Pertama, Allah SWT menyuruh ibunda Musa untuk menyusui Musa yang masih bayi itu. Lalu ia pun menyusui Musa agar 'mengumpulkan' air susunya. Namun yang terjadi kemudian Musa tidak pernah menerima air susu siapapun, selain air susu ibunya. Kalau saja Allah swt tidak menyuruhnya menyusui Musa, tentunya lebih baik menyuruh orang lain (baik khadimah/babysitter, atau orang lain) yang menggantikan posisinya. Tapi itu tidak terjadi.
"ini adalah suatu isyarat tentang keyakinan yang mantap kepada Allah swt. Keyakinan atau tsiqah: adalah salah satu bentuk penyerahan diri secara mutlak". Tidak bersedih akan masa lalu, tidak takut akan masa depan. Risalahlah yang menjadi tujuan utama. Musa sudah masuk 'nominasi' untuk meraih gelar kenabian.
Lalu, Musa mencapai usia akil baligh, beroleh kesempurnaan akal, kearifan dan hikmah. Tentu semua berkaitan dengan hati ibu yang (sekalipun) naluri keibuannya terus dipicu konflik. Komposisi hati tersusun diantara emosi atau rasa, sementara –barangkali- emosinya kontradiksi dengan keputusannya yang tiba-tiba. Maka, binasa sudah langkah establisasi untuk sang anak tercinta, hancur lebur hatinya menghadapi purna kejutan: ketika kecil, sang anak dihantui teror, ketika dewasa dalam bayang-bayang keganasan Firaun.
Tapi Musa tetaplah Musa. Kendati berada dalam asuhan istana sang raja, selain fisiknya kuat, hati dan spiritualitasnya tetap terjaga, tidak terkontaminasi arogansi Firaun, manusia yang mengaku Tuhan itu. Musa tak perlu hidup di zaman ini, yang mengenal agama sebagai "the ultimate thing" doang.

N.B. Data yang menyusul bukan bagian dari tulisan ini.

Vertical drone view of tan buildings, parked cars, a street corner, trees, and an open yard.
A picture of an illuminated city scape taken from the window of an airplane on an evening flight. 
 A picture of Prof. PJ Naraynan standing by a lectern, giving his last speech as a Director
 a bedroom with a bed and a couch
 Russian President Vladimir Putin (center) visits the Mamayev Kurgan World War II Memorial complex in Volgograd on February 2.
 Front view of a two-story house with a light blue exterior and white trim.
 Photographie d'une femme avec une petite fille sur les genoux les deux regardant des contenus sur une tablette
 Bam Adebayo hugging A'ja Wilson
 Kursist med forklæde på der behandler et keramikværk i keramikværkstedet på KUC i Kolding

Setelah itu, hilang bersama fulus atau hujan Dollar.
Di balik kesempurnaan jasad dan ruh tersebut terkandung hikmah, yaitu, proses permulaan 'pengembalian' (intikas) kepada bentuk asal, seperti dalam firman Allah swt:
Dan barangsiapa yang Kami panjangkan umurnya, niscaya Kami kembalikan mereka kepada kejadian(nya). (QS. 36[Yaasin]:68).
Maksudnya: Kami hentikan, tidak Kami tambahkan lagi kekuatan fisik dan mentalnya, juga tidak Kami kurangi, kecuali para nabi. Dalam pengertian lainnya, Musa as memang tengah berada di usia 'stabil'. Masa mudanya sudah berlalu, akalnya sudah matang, jiwanya sehat, dan inderanya walafiat. Sampai pada batas dimana naluri manusia tidak bisa bertambah lagi, kecuali para nabi.
Begitu juga Musa alaihissalam.
Ini menjadi pelajaran bagi "manusia" sesudahnya: agar memilih target masa panjang dipersenjatai dengan agama, norma dan good morality, yang memungkinkannya meniti anak tangga menuju ke ketinggian martabat.
***
Sekarang timbul pertanyaan. Dalam surah Yusuf ayat 22 disebutkan: Dan tatkala dia cukup dewasa, Kami berikan kepadanya hikmah dan ilmu, tanpa menyebutkan "…dan sempurna akalnya" (seperti yang tertera dalam surah Al-Qashash mengenai kisah nabi Musa as di atas). Mengapa?
Ahli tafsir memahami bahwa itu untuk menarik perhatian umat Islam sebagai manusia yang memiliki naluri hubbul istithla' (hobi mengeksplorasi), sampai hati kita tenang. Ayat itu juga tidak perlu diperbandingkan, karena wahyu memang berbeda. Wahyu yang diturunkan kepada nabi Yusuf as adalah "wahyu ilham", sementara wahyu untuk Musa as adalah "wahyu risalah". Itu artinya bahwa wahyu risalah diperlukan nadj (kematangan berfikir) dan istiwa (kesempurnaan akal), berbeda dengan wahyu ilham yang tidak memerlukan dua hal tersebut.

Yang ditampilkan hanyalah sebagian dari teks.